The end of courtship - disappearance of courtship customs in America
Public Interest, Wntr, 1997 by Leon R. Kass
Deeper cultural causes
So this is our situation. But just because it is novel and of recent origin does not mean that it is reversible or even that it was avoidable. Indeed, virtually all of the social changes we have so recently experienced are the bittersweet fruits of the success of our modern democratic, liberal, enlightened society - celebrating equality, freedom, and universal secularized education, and featuring prosperity, mobility, and astonishing progress in science and technology. Even brief reflection shows how the dominant features of the American way of life are finally inhospitable to the stability of marriage and family life and to the mores that lead people self-consciously to marry.
Tocqueville already observed the unsettling implications of American individualism, each person seeking only in himself for the reasons for things. The celebration of equality gradually undermines the authority of religion, tradition, and custom, and, within families, of husbands over wives and fathers over sons. A nation dedicated to safeguarding individual rights to liberty and the privately defined pursuit of happiness is, willy-nilly, preparing the way for the "liberation" of women; in the absence of powerful non-liberal cultural forces, such as traditional biblical religion, that defend sex-linked social roles, androgyny in education and employment is the most likely outcome. Further, our liberal approach to important moral issues in terms of the rights of individuals - e.g., contraception as part of a right to privacy, or abortion as belonging to a woman's right over her own body, or procreation as governed by a right to reproduce - flies in the face of the necessarily social character of sexuality and marriage. The courtship and marriage of people who see themselves as self-sufficient rights-bearing individuals will be decisively different from the courtship and marriage of people who understand themselves as, say, unavoidably incomplete and dependent children of the Lord who have been enjoined to be fruitful and multiply.

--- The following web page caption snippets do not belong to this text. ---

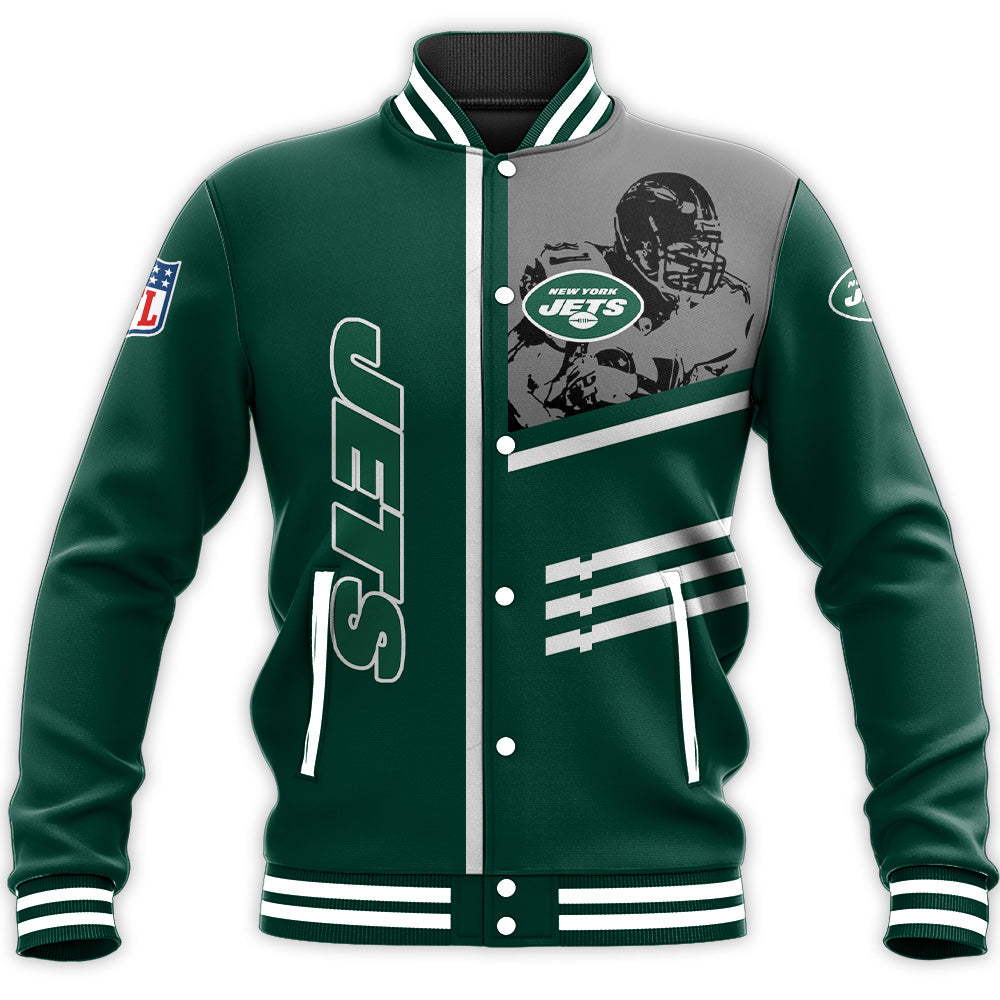 new york jets baseball jacket button up zipper hooded all over print personalized football for fan nfl qpzk4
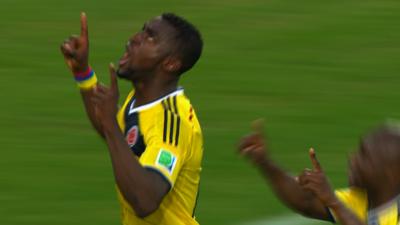 World Cup 2014: Jackson Martinez celebrates Colombia's second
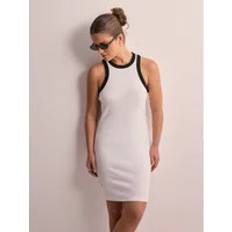 Klänningar JJXX Korta klänningar Bright White Black Bindings Jxforest Sl Rib Short Dress Jrs Klänningar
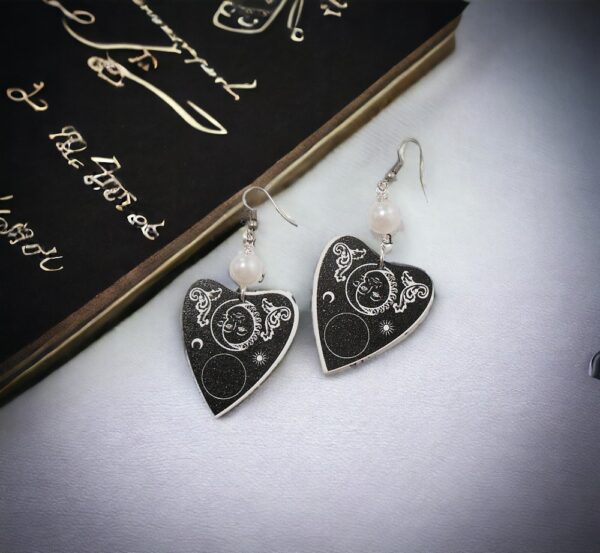 Heart-Shaped Ouija Planchette Earrings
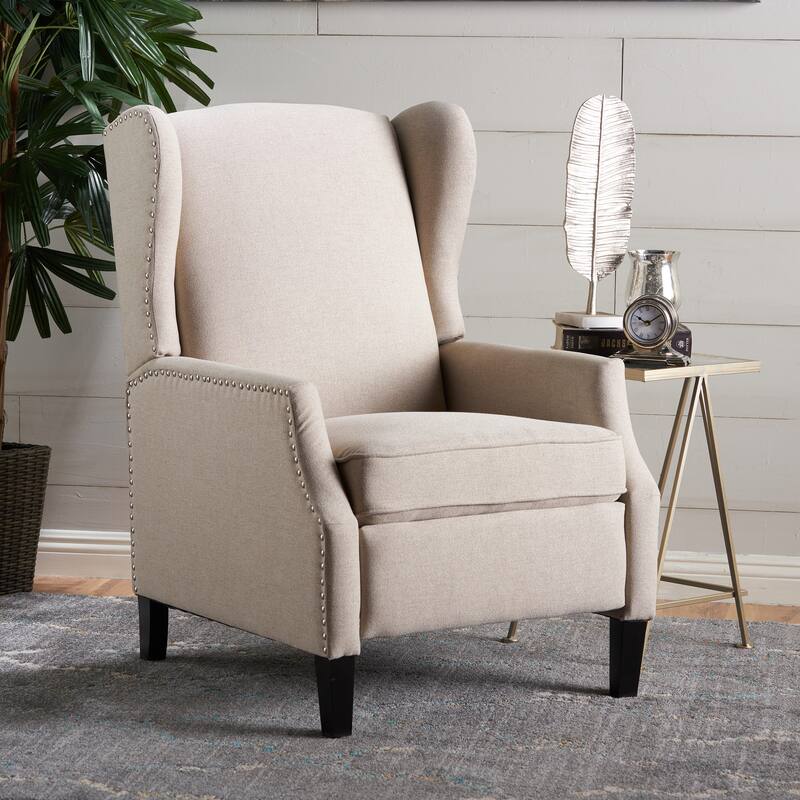 Roomfitters Floral Push-Back Recliner Chair with Wingback Design, Tapered Wood Legs - Beige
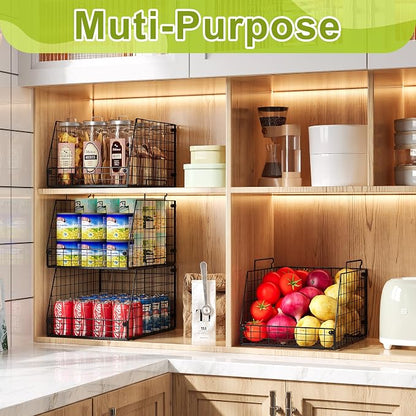 Jakyitvi 4 Pack XXL Stackable Wire Storage Basket, Extra Large Capacity Pantry - Image 6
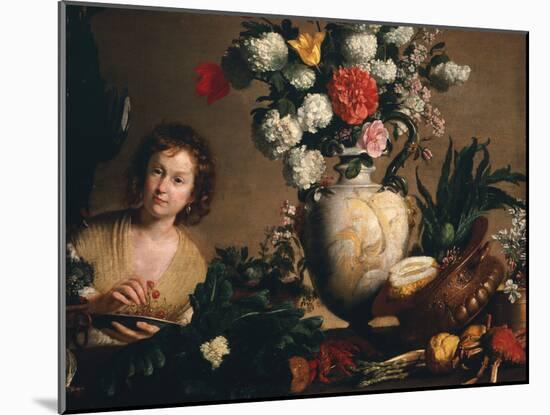 A Still Life of Flowers, Fruit, Vegetables and Seafood on a Ledge-Bernardo Strozzi-Mounted Giclee Print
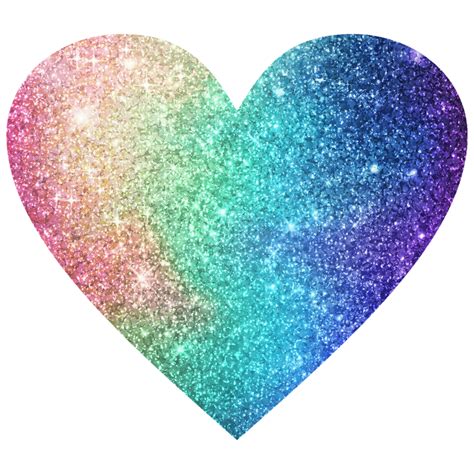 Image Heart Rainbow Glitter Color Heart Glitter Png
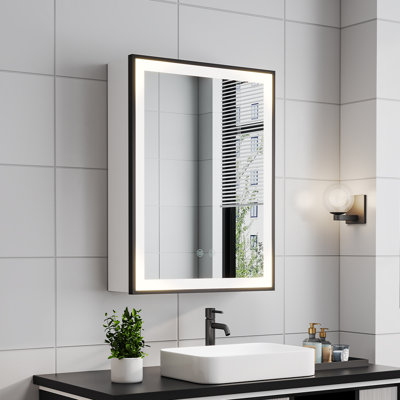 Audreyanna 45 mm W 60 mm H Surface Framed Mirrored Bathroom Cabinets 2 Adjustable Shelves with Mirror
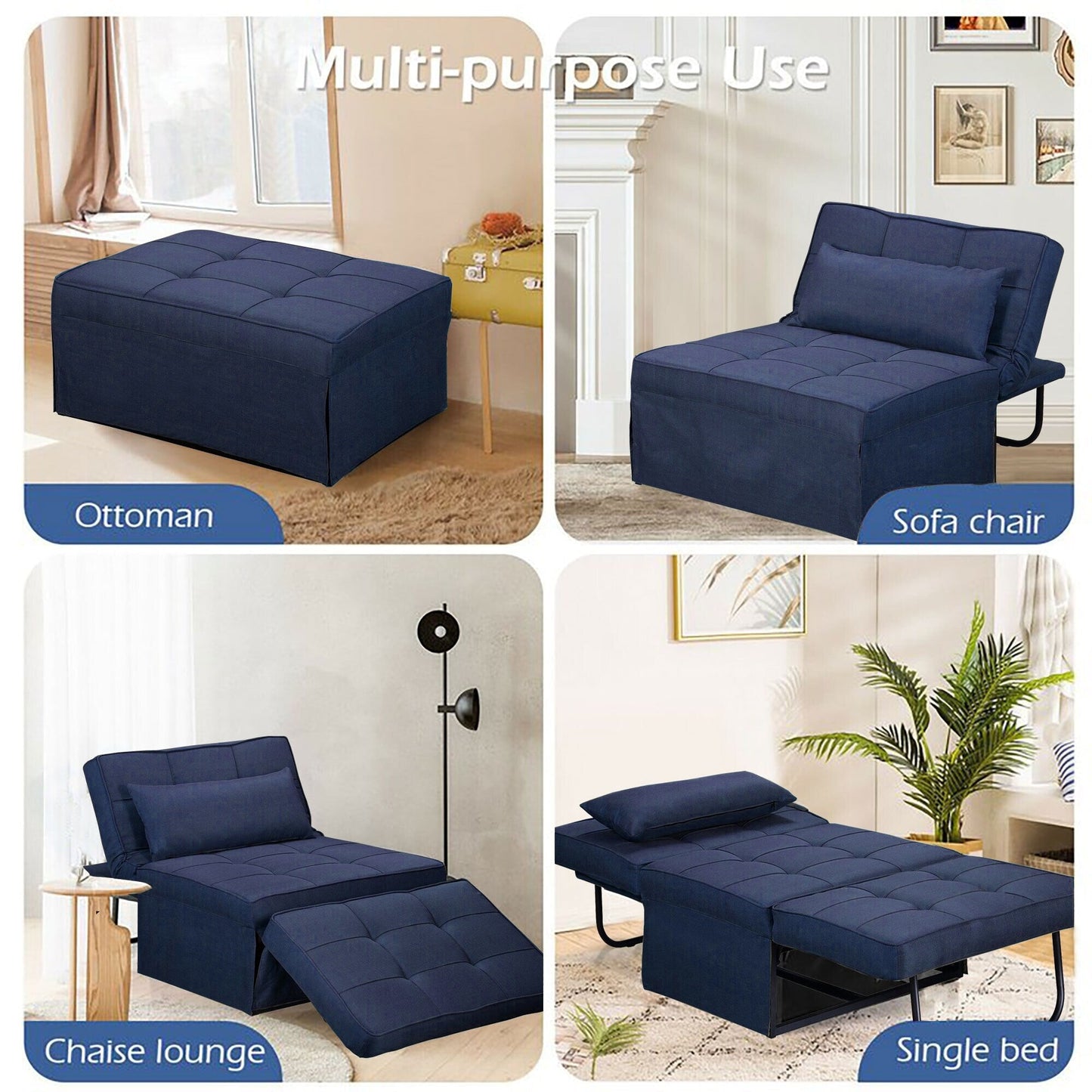 Divano letto trasformabile, poltrona, pouf pieghevole, poltrone reclinabili per soggiorno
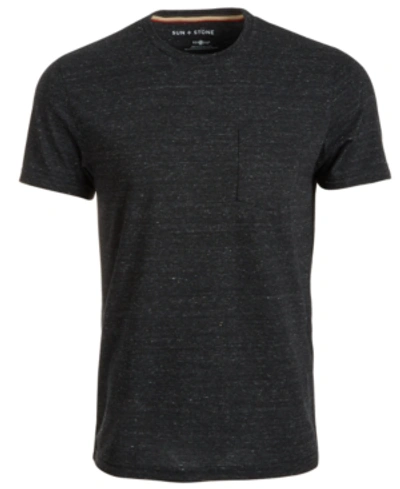 Shop Sun + Stone Men's Drew Contrast Chain Stitch T-shirt, Created For Macy's In Black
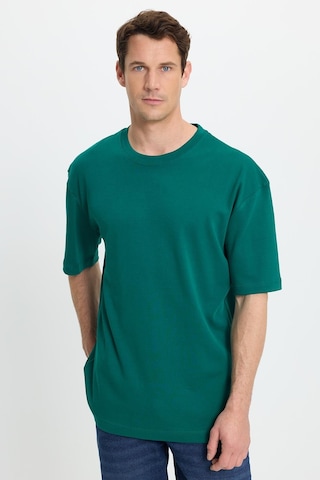 Tudors Unisex Oversize Geniş Kesim %100 Pamuk Yumuşak Dokulu Basic Bisiklet Yaka Yeşil Tişört-35178 Yeşil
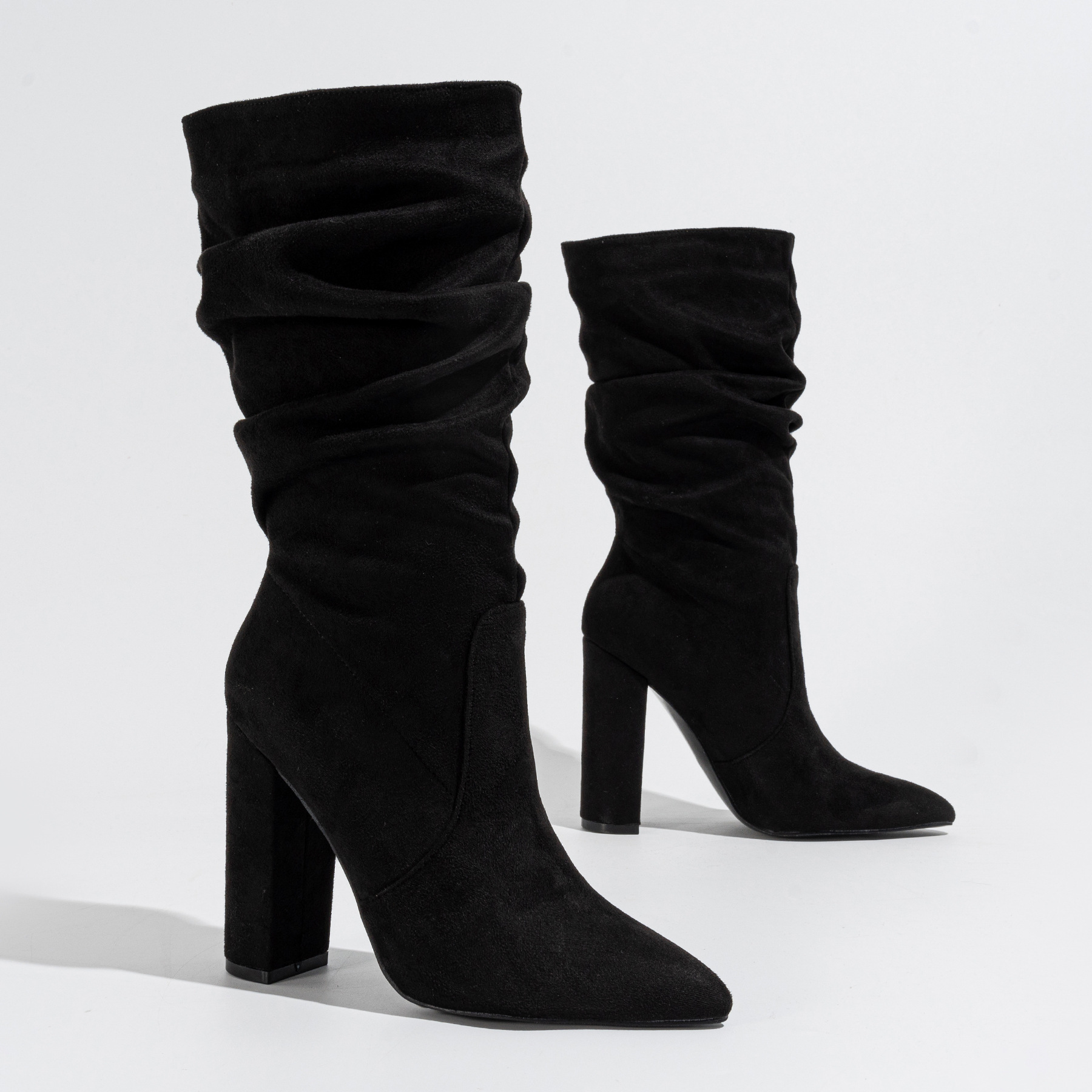New Chunky Heel Pointed-toe Fashion High Heel Pile Style Boots foto 2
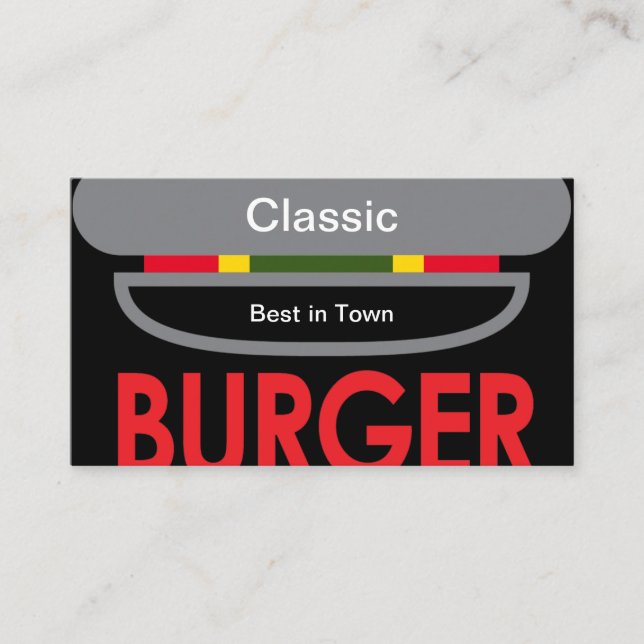 Carte De Visite Burger classique (Devant)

While poverty is not generally good for courtship and marriage, so neither is luxury. The lifestyles of the rich and famous have long been rich also in philandering, divorce, and the neglect of children. Necessity becomes hidden from view by the possibilities for self-indulgence; the need for service and self-sacrifice, so necessary for marriage understood as procreative, is rarely learned in the lap of plenty. Thanks to unprecedented prosperity, huge numbers of American youth have grown up in the lap of luxury, and it shows. It's an old story: Parents who slave to give their children everything they themselves were denied rarely produce people who will be similarly disposed toward their own children. Spoiled children make bad spouses and worse parents; when they eventually look for a mate, they frequently look for someone who will continue to cater to their needs and whims. Necessity, not luxury, is for most people the mother of virtue and maturity.